Data excerpt:
══════════════════════════════

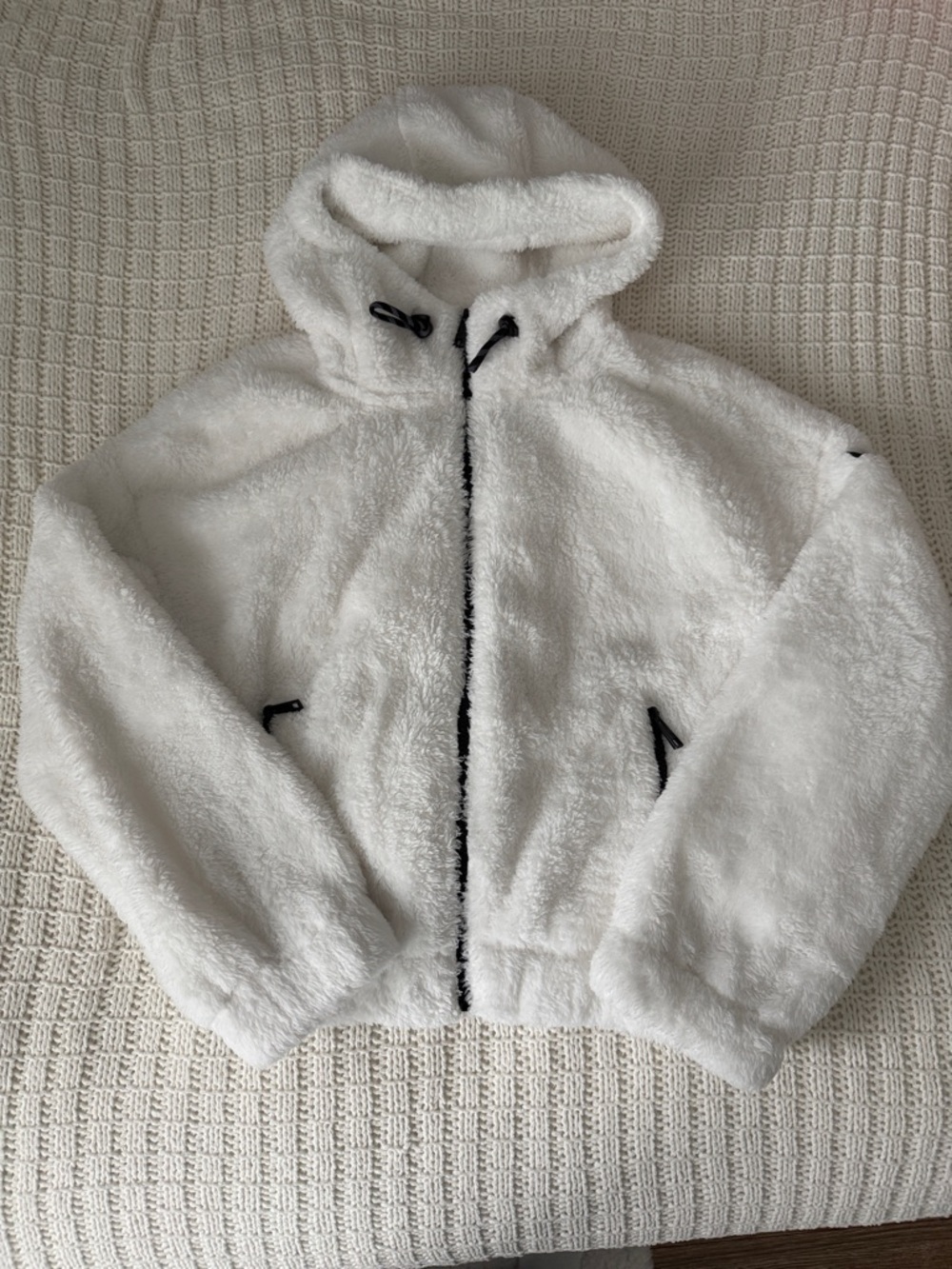 Calvin Klein White Fuzzy Hooded Zip Jacket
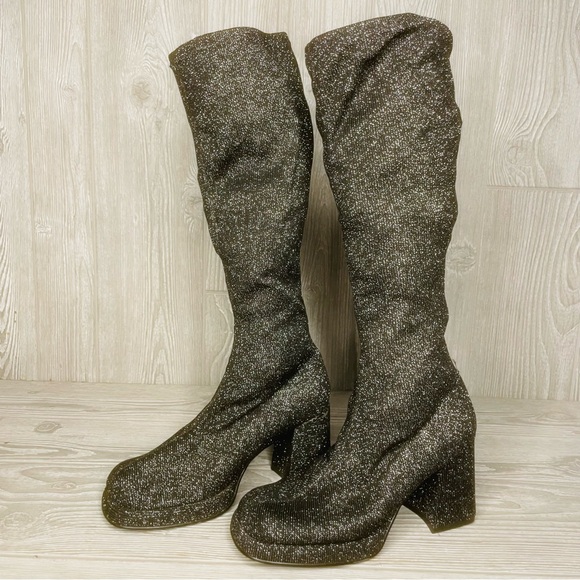 Wild rose cloth retro go go boots 70s inspired cosplay costume glitter black 9 - Picture 4 of 10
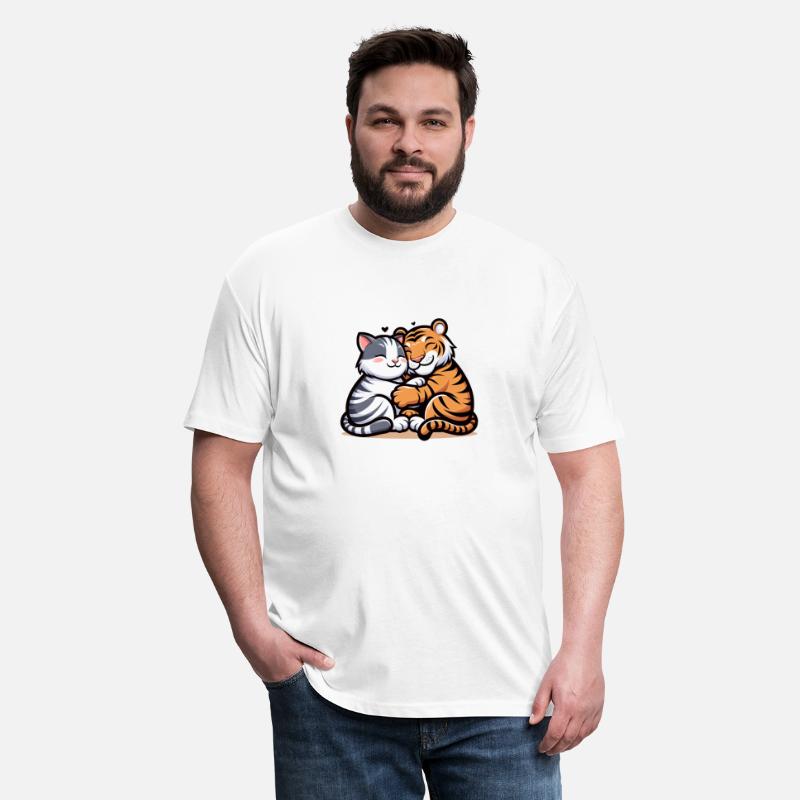 Cuddling Cat And Tiger In Love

══════════════════════════════

What to produce: Copy the whole listing exactly, excluding the pictures in it.

Task solution:
 Calvin Klein White Fuzzy Hooded Zip Jacket
 Wild rose cloth retro go go boots 70s inspired cosplay costume glitter black 9 - Picture 4 of 10
 Cuddling Cat And Tiger In Love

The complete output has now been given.